Version pinning in required_providers with ~> 5.0 allows patch updates (5.0.x → 5.1.x) but blocks major version upgrades that may introduce breaking changes. For modules published to a registry, always use semantic versioning on module releases and document the minimum compatible Terraform and provider versions in versions.tf. Consumers pin the module version with version = "~> 2.0" in their module block, not in their own required_providers.

Remote State with S3 + DynamoDB Locking

Local state is dangerous in team environments for three reasons: it cannot be shared between team members without manual file passing; it provides no locking, so two concurrent terraform apply runs can corrupt state; and it is trivially lost when a developer machine fails or a CI runner's ephemeral disk is wiped. The S3 backend with DynamoDB state locking is the standard solution for AWS-based teams: state is stored in a versioned, encrypted S3 bucket, and a DynamoDB table provides distributed mutual exclusion so that only one apply or plan can hold the lock at a time.

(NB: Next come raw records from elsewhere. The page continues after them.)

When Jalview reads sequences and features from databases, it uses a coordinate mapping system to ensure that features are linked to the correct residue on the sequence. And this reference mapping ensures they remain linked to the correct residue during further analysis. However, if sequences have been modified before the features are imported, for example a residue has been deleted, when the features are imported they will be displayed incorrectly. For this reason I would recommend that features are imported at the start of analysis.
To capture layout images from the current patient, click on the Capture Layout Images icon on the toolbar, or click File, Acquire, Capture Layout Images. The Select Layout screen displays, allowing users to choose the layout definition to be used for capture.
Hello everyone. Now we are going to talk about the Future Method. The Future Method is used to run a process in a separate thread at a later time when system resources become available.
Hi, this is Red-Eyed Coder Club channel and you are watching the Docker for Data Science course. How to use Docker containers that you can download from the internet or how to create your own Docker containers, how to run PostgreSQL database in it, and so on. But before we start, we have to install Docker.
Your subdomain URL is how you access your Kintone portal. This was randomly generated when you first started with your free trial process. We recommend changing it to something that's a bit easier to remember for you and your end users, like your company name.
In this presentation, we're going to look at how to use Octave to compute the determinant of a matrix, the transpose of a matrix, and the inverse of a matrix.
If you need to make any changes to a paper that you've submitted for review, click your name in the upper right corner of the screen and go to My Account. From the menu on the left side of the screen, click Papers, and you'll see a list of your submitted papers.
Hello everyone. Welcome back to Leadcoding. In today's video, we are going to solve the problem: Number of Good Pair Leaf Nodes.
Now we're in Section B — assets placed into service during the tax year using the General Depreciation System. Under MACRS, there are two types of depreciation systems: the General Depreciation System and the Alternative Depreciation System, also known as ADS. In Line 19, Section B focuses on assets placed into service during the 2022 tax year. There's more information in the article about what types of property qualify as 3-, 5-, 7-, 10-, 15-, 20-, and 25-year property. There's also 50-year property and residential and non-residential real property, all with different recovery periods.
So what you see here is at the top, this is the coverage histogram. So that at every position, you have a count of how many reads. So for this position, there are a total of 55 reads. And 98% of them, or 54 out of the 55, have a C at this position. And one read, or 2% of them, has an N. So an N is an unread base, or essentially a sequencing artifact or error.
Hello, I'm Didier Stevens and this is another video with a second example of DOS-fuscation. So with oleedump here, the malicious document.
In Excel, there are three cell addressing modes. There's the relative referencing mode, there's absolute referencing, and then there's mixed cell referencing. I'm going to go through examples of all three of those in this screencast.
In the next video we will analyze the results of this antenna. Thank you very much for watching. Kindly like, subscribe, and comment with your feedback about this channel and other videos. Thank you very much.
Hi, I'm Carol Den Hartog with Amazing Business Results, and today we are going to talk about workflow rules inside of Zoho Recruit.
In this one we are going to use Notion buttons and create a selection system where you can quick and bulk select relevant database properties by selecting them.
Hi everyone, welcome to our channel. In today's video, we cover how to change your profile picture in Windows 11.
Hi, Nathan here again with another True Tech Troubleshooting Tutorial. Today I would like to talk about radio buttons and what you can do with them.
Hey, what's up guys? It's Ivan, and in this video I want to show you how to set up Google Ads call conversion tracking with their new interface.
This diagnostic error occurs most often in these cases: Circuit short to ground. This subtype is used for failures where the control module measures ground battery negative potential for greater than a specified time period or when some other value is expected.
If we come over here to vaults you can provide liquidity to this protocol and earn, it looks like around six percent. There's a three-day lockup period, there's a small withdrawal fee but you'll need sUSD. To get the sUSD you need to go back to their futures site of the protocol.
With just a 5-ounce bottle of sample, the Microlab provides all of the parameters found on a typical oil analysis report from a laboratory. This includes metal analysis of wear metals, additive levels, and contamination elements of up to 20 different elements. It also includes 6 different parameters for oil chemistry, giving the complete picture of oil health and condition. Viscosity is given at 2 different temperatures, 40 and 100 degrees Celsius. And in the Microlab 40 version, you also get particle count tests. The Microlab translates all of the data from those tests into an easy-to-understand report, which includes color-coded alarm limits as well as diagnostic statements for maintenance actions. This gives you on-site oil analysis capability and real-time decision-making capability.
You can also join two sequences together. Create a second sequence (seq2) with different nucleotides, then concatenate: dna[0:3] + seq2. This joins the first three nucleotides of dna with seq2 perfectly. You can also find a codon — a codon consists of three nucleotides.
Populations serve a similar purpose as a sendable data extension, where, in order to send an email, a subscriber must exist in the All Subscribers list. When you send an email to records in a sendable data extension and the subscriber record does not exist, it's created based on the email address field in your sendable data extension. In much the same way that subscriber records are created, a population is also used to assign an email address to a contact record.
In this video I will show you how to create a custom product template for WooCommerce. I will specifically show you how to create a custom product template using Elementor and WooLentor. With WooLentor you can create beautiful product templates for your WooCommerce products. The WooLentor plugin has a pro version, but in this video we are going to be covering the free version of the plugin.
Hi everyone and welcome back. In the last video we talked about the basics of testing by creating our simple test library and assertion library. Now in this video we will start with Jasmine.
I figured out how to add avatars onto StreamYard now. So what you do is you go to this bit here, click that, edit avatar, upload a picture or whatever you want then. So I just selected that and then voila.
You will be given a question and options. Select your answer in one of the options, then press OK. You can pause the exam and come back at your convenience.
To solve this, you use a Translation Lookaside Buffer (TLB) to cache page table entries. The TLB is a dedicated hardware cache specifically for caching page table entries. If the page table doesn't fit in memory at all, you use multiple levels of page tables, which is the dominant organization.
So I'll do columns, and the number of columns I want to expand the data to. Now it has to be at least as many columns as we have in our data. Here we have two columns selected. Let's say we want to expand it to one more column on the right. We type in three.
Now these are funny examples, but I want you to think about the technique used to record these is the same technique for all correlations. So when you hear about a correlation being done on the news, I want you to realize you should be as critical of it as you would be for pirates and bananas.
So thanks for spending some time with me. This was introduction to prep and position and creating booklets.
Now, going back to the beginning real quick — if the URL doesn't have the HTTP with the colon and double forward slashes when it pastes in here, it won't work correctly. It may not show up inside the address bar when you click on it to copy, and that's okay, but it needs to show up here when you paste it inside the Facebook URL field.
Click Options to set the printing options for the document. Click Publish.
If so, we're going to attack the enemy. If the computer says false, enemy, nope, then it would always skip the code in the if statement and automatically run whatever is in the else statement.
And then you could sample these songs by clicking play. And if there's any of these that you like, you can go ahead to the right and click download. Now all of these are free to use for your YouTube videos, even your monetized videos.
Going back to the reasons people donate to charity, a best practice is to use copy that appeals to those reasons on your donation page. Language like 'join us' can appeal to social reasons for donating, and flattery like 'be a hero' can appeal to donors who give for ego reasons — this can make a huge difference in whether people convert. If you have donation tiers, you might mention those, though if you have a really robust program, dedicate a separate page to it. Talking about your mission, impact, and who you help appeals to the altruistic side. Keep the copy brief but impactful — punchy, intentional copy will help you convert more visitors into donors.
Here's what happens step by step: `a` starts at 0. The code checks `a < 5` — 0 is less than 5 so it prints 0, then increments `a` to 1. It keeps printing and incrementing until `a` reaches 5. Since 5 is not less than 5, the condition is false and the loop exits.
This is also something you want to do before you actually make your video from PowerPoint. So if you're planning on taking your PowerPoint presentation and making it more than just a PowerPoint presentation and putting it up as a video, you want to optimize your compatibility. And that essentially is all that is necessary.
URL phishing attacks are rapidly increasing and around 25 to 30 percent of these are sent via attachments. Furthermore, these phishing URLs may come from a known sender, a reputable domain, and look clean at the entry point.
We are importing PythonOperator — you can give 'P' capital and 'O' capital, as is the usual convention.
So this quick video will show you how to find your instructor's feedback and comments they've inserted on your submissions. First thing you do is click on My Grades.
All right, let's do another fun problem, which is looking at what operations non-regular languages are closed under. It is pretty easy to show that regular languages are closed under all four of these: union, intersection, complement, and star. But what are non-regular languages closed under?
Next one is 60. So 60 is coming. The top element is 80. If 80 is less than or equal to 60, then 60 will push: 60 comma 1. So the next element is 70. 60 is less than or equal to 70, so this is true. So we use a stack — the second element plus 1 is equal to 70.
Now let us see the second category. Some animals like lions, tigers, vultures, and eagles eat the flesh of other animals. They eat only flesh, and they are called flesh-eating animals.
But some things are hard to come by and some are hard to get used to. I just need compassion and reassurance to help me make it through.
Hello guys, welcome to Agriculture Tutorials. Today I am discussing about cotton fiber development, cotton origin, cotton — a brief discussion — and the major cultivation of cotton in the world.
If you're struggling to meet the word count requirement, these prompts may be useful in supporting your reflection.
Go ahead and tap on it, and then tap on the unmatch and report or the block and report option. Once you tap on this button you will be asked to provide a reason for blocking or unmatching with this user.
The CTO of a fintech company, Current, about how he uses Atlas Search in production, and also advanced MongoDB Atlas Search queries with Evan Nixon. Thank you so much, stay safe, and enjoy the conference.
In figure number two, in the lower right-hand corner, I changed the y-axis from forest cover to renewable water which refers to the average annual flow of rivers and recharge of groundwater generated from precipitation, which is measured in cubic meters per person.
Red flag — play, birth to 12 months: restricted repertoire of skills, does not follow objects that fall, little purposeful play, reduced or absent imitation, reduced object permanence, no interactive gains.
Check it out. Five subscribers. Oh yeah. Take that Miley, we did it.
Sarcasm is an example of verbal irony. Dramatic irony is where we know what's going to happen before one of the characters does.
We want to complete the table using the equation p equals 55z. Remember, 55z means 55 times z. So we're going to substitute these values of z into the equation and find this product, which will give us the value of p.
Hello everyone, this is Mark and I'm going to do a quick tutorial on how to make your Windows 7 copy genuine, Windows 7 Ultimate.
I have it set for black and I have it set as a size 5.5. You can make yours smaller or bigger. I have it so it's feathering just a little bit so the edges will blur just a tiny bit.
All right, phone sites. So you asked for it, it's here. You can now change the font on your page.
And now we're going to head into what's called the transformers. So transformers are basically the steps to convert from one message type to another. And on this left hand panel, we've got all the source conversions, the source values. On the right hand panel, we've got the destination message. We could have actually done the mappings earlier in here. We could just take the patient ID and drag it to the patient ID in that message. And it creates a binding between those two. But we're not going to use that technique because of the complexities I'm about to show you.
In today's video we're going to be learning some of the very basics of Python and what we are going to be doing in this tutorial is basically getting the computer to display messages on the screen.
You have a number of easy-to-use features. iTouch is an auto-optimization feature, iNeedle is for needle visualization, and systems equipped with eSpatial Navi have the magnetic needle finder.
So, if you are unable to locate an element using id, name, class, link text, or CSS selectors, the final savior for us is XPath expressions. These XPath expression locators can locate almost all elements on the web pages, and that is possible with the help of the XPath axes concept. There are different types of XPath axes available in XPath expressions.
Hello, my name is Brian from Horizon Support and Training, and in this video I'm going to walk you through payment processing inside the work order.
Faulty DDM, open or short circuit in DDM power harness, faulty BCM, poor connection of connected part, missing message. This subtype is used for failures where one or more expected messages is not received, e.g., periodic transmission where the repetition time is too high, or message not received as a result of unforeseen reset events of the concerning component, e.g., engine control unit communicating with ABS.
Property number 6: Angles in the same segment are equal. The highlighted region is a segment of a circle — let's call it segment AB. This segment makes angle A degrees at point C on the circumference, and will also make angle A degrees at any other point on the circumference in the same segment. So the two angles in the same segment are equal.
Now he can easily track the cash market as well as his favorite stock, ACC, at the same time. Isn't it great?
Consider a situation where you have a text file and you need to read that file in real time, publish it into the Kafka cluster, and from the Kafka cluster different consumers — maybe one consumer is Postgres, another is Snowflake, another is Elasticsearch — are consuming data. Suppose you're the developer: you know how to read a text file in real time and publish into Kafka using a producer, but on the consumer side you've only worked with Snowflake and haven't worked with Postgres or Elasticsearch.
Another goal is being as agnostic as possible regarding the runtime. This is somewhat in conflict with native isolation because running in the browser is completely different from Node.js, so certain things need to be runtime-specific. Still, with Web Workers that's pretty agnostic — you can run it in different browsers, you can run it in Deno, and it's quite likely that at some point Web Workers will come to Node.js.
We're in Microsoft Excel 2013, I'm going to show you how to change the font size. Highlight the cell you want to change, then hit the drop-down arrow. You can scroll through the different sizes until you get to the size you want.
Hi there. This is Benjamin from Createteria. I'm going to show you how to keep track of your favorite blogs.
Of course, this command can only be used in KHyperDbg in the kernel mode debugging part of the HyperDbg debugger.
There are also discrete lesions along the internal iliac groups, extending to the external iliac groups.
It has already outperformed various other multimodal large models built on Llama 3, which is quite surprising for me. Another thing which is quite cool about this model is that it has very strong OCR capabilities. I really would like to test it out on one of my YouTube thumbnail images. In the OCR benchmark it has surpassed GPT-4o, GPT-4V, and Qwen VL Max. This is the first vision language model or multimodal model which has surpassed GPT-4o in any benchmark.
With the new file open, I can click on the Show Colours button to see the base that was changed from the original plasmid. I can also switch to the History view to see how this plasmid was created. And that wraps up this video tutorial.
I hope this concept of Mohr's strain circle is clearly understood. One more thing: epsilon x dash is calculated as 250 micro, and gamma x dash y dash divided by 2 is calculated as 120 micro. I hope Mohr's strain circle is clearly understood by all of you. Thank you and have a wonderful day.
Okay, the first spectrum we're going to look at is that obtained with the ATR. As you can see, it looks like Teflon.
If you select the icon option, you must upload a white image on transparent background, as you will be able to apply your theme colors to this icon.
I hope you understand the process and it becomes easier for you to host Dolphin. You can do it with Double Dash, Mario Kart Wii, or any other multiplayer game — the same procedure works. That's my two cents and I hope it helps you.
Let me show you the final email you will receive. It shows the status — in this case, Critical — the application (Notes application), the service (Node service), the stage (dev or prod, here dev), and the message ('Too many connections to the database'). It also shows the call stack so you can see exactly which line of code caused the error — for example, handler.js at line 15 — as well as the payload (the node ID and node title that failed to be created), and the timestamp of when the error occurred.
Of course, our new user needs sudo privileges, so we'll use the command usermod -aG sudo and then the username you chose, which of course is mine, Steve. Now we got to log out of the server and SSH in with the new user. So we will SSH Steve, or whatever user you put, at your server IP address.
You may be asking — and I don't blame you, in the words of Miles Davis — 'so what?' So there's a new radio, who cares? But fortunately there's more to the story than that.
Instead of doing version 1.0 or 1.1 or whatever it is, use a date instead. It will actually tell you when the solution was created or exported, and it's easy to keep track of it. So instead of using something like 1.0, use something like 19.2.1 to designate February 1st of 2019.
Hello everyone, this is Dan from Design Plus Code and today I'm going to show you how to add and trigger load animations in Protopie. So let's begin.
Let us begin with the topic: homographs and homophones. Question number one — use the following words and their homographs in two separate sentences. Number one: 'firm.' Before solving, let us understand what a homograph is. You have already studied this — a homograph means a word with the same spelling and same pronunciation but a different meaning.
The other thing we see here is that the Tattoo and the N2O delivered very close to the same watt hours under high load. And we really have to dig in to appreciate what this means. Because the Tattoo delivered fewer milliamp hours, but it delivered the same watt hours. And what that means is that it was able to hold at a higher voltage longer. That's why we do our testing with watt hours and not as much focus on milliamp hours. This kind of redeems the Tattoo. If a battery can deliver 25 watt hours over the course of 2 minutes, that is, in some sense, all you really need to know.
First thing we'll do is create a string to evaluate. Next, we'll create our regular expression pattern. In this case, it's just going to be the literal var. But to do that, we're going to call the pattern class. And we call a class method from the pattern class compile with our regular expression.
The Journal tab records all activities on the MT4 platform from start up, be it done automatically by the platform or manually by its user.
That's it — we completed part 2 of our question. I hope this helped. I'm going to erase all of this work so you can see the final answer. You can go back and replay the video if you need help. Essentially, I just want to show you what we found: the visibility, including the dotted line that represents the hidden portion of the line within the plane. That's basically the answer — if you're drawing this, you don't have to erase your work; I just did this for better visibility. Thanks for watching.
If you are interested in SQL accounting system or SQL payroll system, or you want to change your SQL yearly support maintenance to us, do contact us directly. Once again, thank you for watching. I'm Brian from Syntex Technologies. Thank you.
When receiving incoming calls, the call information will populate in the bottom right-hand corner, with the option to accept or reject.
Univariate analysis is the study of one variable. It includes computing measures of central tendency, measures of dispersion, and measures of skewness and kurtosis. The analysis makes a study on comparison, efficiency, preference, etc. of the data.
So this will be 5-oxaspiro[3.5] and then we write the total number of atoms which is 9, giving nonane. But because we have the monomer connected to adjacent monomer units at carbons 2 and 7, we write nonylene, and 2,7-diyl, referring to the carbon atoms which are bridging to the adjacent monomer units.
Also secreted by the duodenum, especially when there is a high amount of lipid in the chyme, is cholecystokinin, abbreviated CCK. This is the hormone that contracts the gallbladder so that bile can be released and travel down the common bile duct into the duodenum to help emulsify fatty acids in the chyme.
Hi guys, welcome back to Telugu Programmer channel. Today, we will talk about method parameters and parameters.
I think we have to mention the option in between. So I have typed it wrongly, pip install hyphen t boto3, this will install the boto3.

State isolation per environment is critical. Rather than storing all environments in a single S3 key, each environment's state lives at a distinct key path — or better, in a distinct S3 bucket entirely. Cross-stack dependencies are resolved cleanly with the terraform_remote_state data source, which reads outputs from another state file without importing or duplicating resources. Use this to pass VPC IDs, subnet ARNs, and security group IDs from a foundational networking stack into application-layer stacks.

# bootstrap/main.tf
# Create the S3 bucket and DynamoDB table for remote state.
# Run this once per AWS account before any other Terraform work.
# Note: this bootstrap stack itself uses local state — that is intentional.

provider "aws" {
  region = "eu-west-1"
}

resource "aws_s3_bucket" "tfstate" {
  bucket = "my-org-terraform-state-${data.aws_caller_identity.current.account_id}"

  lifecycle {
    prevent_destroy = true  # never allow accidental deletion of state bucket
  }

  tags = {
    Name      = "terraform-state"
    ManagedBy = "terraform"
  }
}

resource "aws_s3_bucket_versioning" "tfstate" {
  bucket = aws_s3_bucket.tfstate.id
  versioning_configuration {
    status = "Enabled"  # enables state file history and rollback
  }
}

resource "aws_s3_bucket_server_side_encryption_configuration" "tfstate" {
  bucket = aws_s3_bucket.tfstate.id
  rule {
    apply_server_side_encryption_by_default {
      sse_algorithm = "aws:kms"  # encrypt at rest with KMS
    }
  }
}

resource "aws_s3_bucket_public_access_block" "tfstate" {
  bucket                  = aws_s3_bucket.tfstate.id
  block_public_acls       = true
  block_public_policy     = true
  ignore_public_acls      = true
  restrict_public_buckets = true
}

# DynamoDB table for state locking.
# PAY_PER_REQUEST billing: no idle cost, scales automatically.
resource "aws_dynamodb_table" "tflock" {
  name         = "terraform-state-lock"
  billing_mode = "PAY_PER_REQUEST"
  hash_key     = "LockID"

  attribute {
    name = "LockID"
    type = "S"
  }

  lifecycle {
    prevent_destroy = true
  }

  tags = {
    Name      = "terraform-state-lock"
    ManagedBy = "terraform"
  }
}

data "aws_caller_identity" "current" {}


# environments/prod/networking/backend.tf
# Each stack declares its own backend with a unique key path.
# Pattern: environments/<env>/<stack-name>/terraform.tfstate

terraform {
  backend "s3" {
    bucket         = "my-org-terraform-state-123456789012"
    key            = "environments/prod/networking/terraform.tfstate"
    region         = "eu-west-1"
    encrypt        = true
    dynamodb_table = "terraform-state-lock"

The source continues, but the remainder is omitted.